In [None]:
import pandas as pd
import seaborn as sns
import matplotlib.pyplot as plt
import numpy as np
import plotly.express as px

import xgboost as xgb
from xgboost import XGBRegressor
from sklearn.model_selection import train_test_split
from sklearn.metrics import mean_absolute_error

In [None]:
def split_datetime(data, col="datetime"):
    # What columns are of type datetime?
    datetime_columns = data.select_dtypes(include='datetime64').columns
    
    for c in datetime_columns:
        print(f"Timezone for {c} is {data[c].dt.tz}")

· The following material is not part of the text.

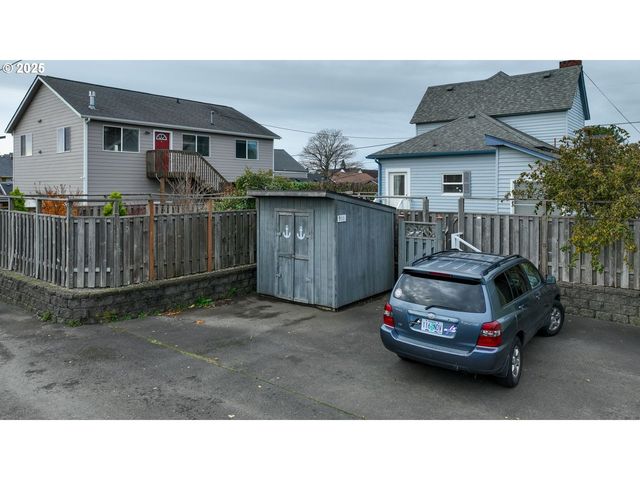 911 1st Ave, Seaside, OR 97138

    # Adding columns for date & time
    data['year']    = data[col].dt.year
    # data['quarter'] = data[col].dt.quarter
    data['month']   = data[col].dt.month
    data['week']    = data[col].dt.isocalendar().week
    data['hour']    = data[col].dt.hour 

    data['day_of_year']  = data[col].dt.day_of_year
    data['day_of_month'] = data[col].dt.day
    data['day_of_week']  = data[col].dt.day_of_week

    return data

In [None]:
merged_df = pd.read_parquet('../data/merged_df.parquet')

In [None]:
# mapping days of the week names and converting to categorical variable
if 'day_of_week' in merged_df.columns:
    weekday_map = {
        0: 'Monday',
        1: 'Tuesday',
        2: 'Wednesday',
        3: 'Thursday',
        4: 'Friday',
        5: 'Saturday',
        6: 'Sunday'
    }
    merged_df['day_of_week'] = merged_df['day_of_week'].map(weekday_map).astype('category')

In [None]:
# encode categories to category datetype

merged_df['county'] = merged_df['county'].astype('category')
merged_df['product_type'] = merged_df['product_type'].astype('category')


In [None]:
# workday vs weekend
# estonian holidays
# increasing in the capacity
# aggregated weather of previous and/or future period
# aggregated prices of previous period
# target from previous year
# ...

In [None]:
# copy df for modelling
model_df = merged_df

# model is not able to handle object type
model_df.drop('time_of_day', axis=1, inplace=True)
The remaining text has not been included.